On December 5, 2016, several U.S. oil companies were among the winners of petroleum contracts awarded by the Mexican Hydrocarbon Commission to develop deep water projects in the Gulf of Mexico. From a legal standpoint, an initial assumption could be that the North American Free Trade Agreement (NAFTA) became more relevant to these “American” companies entering into the Mexican oil market. Indeed, the legal regime provided by NAFTA Chapter 11, which was designed to protect property rights in long-term investments, could be essential to ventures involving operations that might last for over two decades.

Later, President-elect Donald Trump announced Rex Tillerson as his nominee for Secretary of State. Until 2016, Tillerson was the CEO of Exxon Mobil, one of the U.S. oil companies investing in the new projects in Mexico.

During the first year in office, Trump and Tillerson, assuming Tillerson is confirmed by the Senate, will navigate national and international politics to grapple with issues arising from promises made during Trump’s presidential campaign. Among these promises was Trump’s pledge to renegotiate or to terminate NAFTA.

Yet now that U.S. oil corporations plan to heavily invest in multi-billion dollar projects in Mexican territory, Tillerson should be aware that U.S. oil companies might prefer to keep NAFTA, in contrast with the anti-NAFTA rhetoric and nationalist positions expressed by some Trump supporters. Nevertheless, both views require a closer look to identify the benefits of the agreement, since protecting U.S. oil investments in Mexico under NAFTA is far from a question with a unique and straightforward answer.

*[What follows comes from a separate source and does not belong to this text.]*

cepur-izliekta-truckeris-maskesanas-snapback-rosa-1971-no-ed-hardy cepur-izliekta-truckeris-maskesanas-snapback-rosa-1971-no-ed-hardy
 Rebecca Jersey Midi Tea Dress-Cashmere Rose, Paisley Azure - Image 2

As a matter of fact, U.S. oil companies will initially face two NAFTA caveats. First, the conflicting interpretations of the agreement concerning the application of NAFTA Chapter 11. This is caused by the divided opinion of the legal community on the validity of the Mexican reservation to NAFTA that blocks protection of investment in the energy sector. For some, this reservation was implicitly waived after the approval of the Mexican energy reforms, whilst for others, the reservation remains and limits the application of some sections of the agreement.
Second, if one decides to ignore this debate and considers that NAFTA Chapter 11 applies, then they should bear in mind that, as Professor Gus Van Harten from York University has highlighted, NAFTA has no “survival clause.” A survival clause is a provision typically included in treaties for the protection of investments, which provides the continuing protection of the agreement for existing investments for periods of 10 to 15 years, even after the treaty has been unilaterally terminated. Without this clause, a NAFTA party can terminate the agreement on six months’ notice and could deprive foreign investors of the protection of international law and international arbitration. Hence, the framework, currently a subject of a public and politicized debate, seems far from providing the certainty of the rule of law required for these investments.

Then, why expose multi-billion-dollar projects to this degree of uncertainty? In recent years, U.S. investors have been able to place investments through subsidiaries incorporated in other countries to acquire the protection of an investment treaty. Indeed, in a time when oil majors operate around the world, corporation nationality has turned into a malleable concept.

Since the last decade, international arbitration tribunals have recognized “treaty shopping” as a legitimate practice to gain access to the protection of an investment treaty. For instance, oil companies like Exxon and Chevron (both among the winners of the Mexican deep water bidding round) have circumvented the lack of investment protection in countries like Venezuela, investing through Dutch or Danish subsidiaries that provide access to treaty protection. Consequently, we would expect that oil companies could use the Mexican network of several investment treaties to gain the protection provided by international law.
Moreover, this is not a one-sided legal agreement. NAFTA is not only relevant to U.S. corporations, but it has also become important to Mexican investments in the U.S. Mexican investments, such as those conducted by Carlos Slim, have invested in the U.S. real estate market; in the media sector through his ownership of 17% of the New York Times; and even in the oil and gas sector through the company Wellaware. Furthermore, Mexican investors have not ignored the investment treaty system. In fact, Slim’s companies have recently profited from it and filed an arbitration claim against Colombia before the International Centre for Settlement of Investment Disputes at the World Bank. We may never know whether NAFTA was a topic during the recent meeting between the Mexican multi-billionaire and Donald Trump. However, what we certainly know from Trump’s Twitter account is that after the meeting he called Slim a “great guy,” and that Trump’s relationship with the New York Times is far from being “great.”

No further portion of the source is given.